How bizarre?

How bizarre?

01 May 2014 By Daniel Winter

Folklaw wonders whether an “absurdist” tale about a lawyer who has a panic attack while working in a 1200-storey, glass-made office tower is really that removed from reality.

Folklaw wonders whether an “absurdist” tale about a lawyer who has a panic attack while working in a 1200-storey, glass-made office tower is really that removed from reality.

Civility Place is a short story written by ex-corporate lawyer JYL (Julie) Koh (pictured). Around two-thirds of the way through, the central protagonist, Rao Lin Chin, asks himself: “Why are you panicking? You still don’t know”.

By then, however, the reader might have a pretty good idea...


The (extremely funny) story in the 2014 edition of The Sleepers Almanac, published this month (April), canvasses issues of overriding concern to corporate lawyers – and looming among these are the pressures induced by billable hours.

“I think high billable hour targets are linked directly to mental health issues,” Koh told Folklaw.

“As a junior it’s hard to build up billable time. Every six minutes you need to spend more time recording exactly what it is that you’ve done in those six minutes – that always seemed to me to be a bit absurd in itself.”

Koh reflected on her own experience of the billable hour while working as a corporate lawyer at Allens. At an internal event to welcome summer clerks, Koh found herself in a circle with the Chief Executive Partner and the newbies, and the chief asked her to chat about how much she was enjoying her job.

“I said, ‘It’s great, I have a laugh every six minutes’," she said.


"That was the first thought that popped into my head and, unfortunately, it was probably the most honest one.”


Not good enough

Work-life balance – or the lack of it – is another underlying theme of Civility Place.

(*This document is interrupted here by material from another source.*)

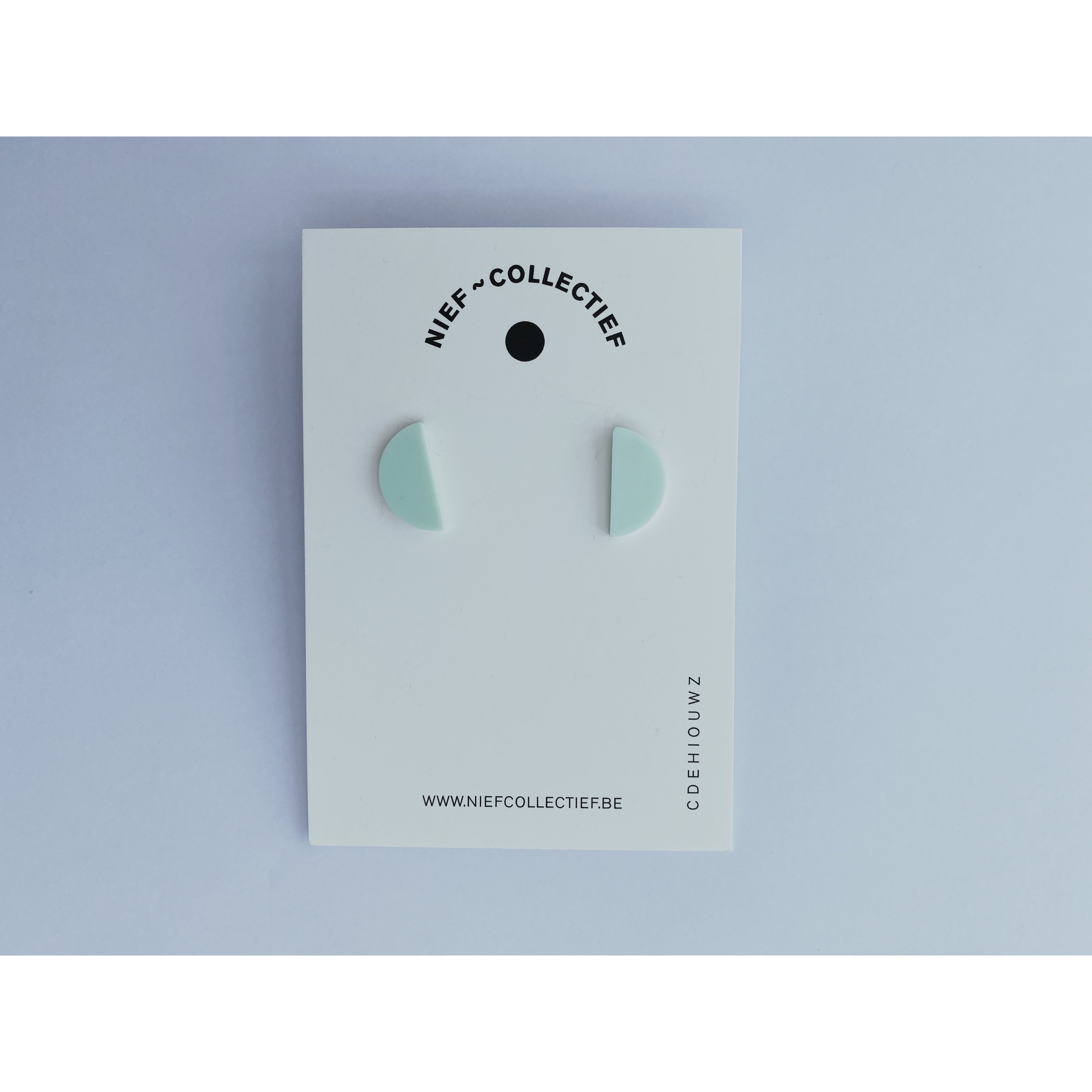 Oorbel mini C - pastel mint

When the managing partner in the story realises Rao Lin Chin is in meltdown, he sends him home for the day, saying, “You can log on remotely, can’t you. That way you can meet your deadlines AND get some rest.”

Koh commented: “I certainly think there is a disconnect between the official commitment of firms to work-life balance and mental health and how that works in practice.

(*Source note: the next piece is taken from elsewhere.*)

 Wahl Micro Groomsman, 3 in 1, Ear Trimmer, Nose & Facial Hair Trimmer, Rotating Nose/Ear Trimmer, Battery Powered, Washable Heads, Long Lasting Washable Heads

“There’s financial pressure on firms themselves, and to be able to give staff leeway and flexibility in terms of hours is a difficult thing; but if that’s the case, it seems absurd to pay lip service to that idea.”

A Sydneysider, Koh left corporate law altogether in 2011 and took a job as a “lollipop lady”. These days she’s a tender writer for non-government organisations (NGOs).

Koh is also currently writing a novella, and two collections of short stories that may end up becoming a novel.

But, Folklaw asked, will she ever return to corporate law?

“Probably not, but the reason is not the work practices I mentioned in the story," said Koh.

“While working as a lawyer [I had] a real yearning to regain the creative headspace I had as kid.

“Although the path I have chosen is stressful in terms of financial security, I do feel more satisfaction in the sort of work I do now.”

Koh emphasises that Civility Place is an absurdist story, not just about corporate law firms but corporate environments in general.